On the one hand, it’s comforting to know that I’m not the only one who has had that same view and experience with manhood. But it’s also sobering realizing that so few of us really know what we’re supposed to do while being expected to know all the answers.
I did, however, laugh out loud at one response from college student Nate:
What are men to blame for?
Golf. Which is unforgivable.
How Anti-Abortionists And The Supreme Court May Have Unintentionally Thrown Qualified Immunity For Law Enforcement Under The Bus
Judd Legum shared this past week that a federal judge in Mississippi recently threw out a motion to dismiss a lawsuit against a police detective accused of depriving a man of their constitutional rights when they used a false accusation from another to charge and incarcerate the plaintiff for a crime they didn’t commit. Already, such a thing is remarkable, given the propensity for courts to side with law enforcement because of the “qualified immunity” precedent set by the U.S. Supreme Court in 1967 when it drastically reinterpreted a law aimed at penalizing Klan members using their position to deprive Black folk of their rights after the Civil War.

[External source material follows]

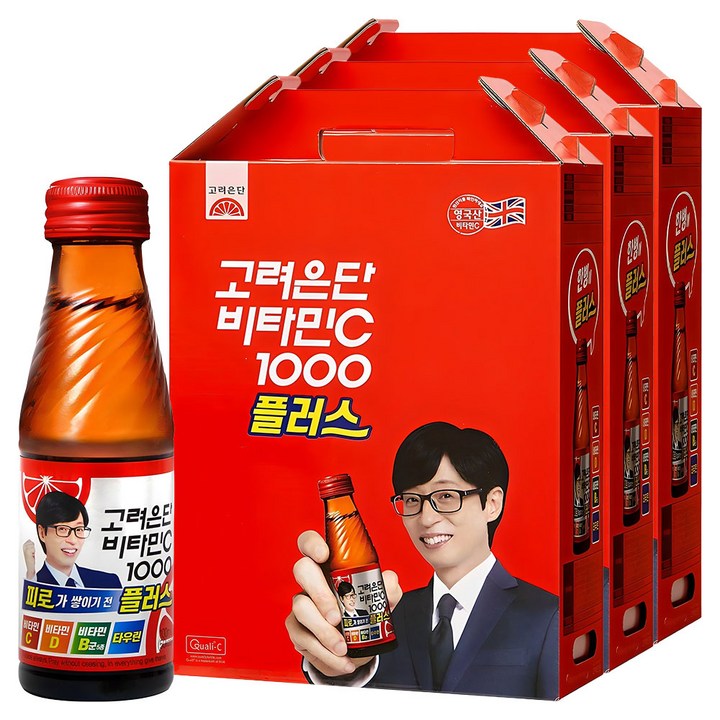 고려은단 비타민C 1000 플러스, 100ml, 60개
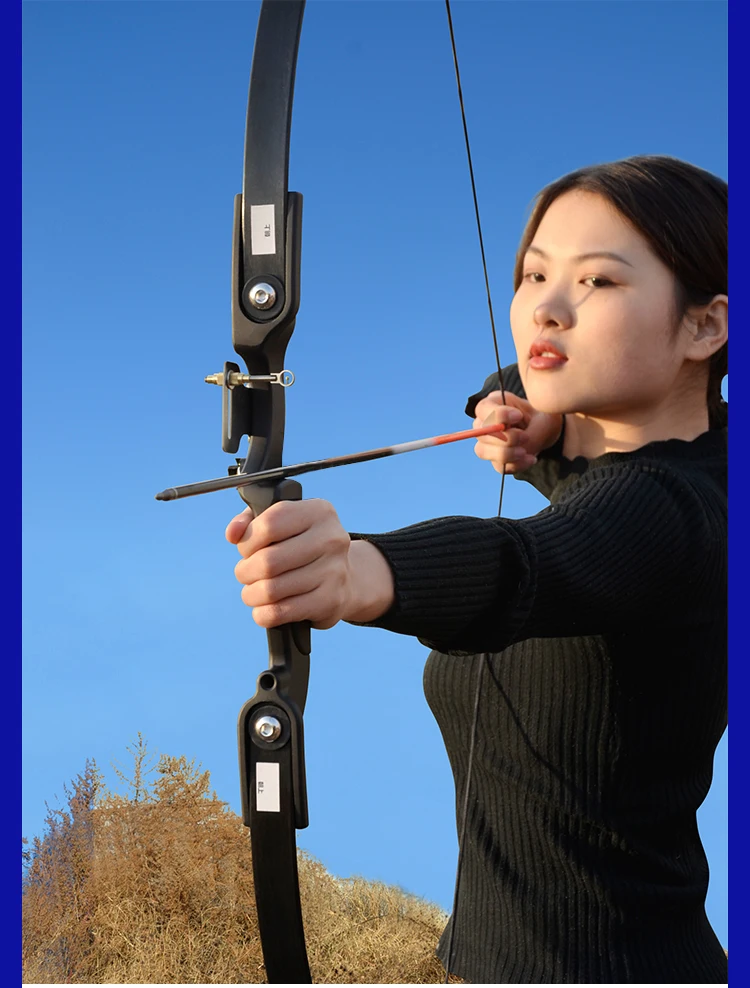 Archery Bow 30 Lbs Recurve With Sight And Arrow Rest For Beginner Hunting Shooting Game Outdoor Sports Right Hand | Спорт и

But Judge Carleton Reeves’ decision is a nesting doll of determinations that dismantles the application of qualified immunity over the past 60 years when it comes to rights-violating law enforcement officials. Not only did he rule the detective wasn’t eligible for qualified immunity because they violated the law, but that qualified immunity itself is ”unsupportable as a matter of history, text, and policy and the Supreme Court needs to rectify it. And that rectification is especially necessary since the Court’s overturning of abortion rights in its Dobbs decision back in 2022 shows that long-standing legal precedents are now open for reassessment.
I’m not saying I’m glad that abortion rights are gone so we can potentially rectify the egregious miscarriage of justice that has resulted from “qualified immunity.” I am always glad to see when the fucking around by intrusive social conservatives leads to some finding out for one of their key constituencies.
Today In Analog Obsessions…FONTS!
As someone who has spent his entire life writing and reading and writing and reading, much of it while working around printing presses, I have opinions on fonts.
I’m not talking obvious opinions, like Papyrus sucks (because obvs). I’m a bit of a traditionalist, preferring some of the older and similarly-inspired styles with serif or not. And while I’m a fan of calligraphy, I don’t have the patience for it myself and it can be a little overwhelming in anything but small doses.
Really, I just like simple, elegant and clean strokes and lines. Easy on the eyes while still creating an aesthetically pleasing page of type.
That’s why this story of a “mudlark” finding just a handful of the 500,000 pieces of lead type of the Arts and Crafts era Doves font in the Thames is fascinating. The guy was already working to reassemble the font digitally from extant documents but original source material is always best. And the story behind why all that type ended up in the river—a tale diverging interests in art and commerce—is interesting in its own right.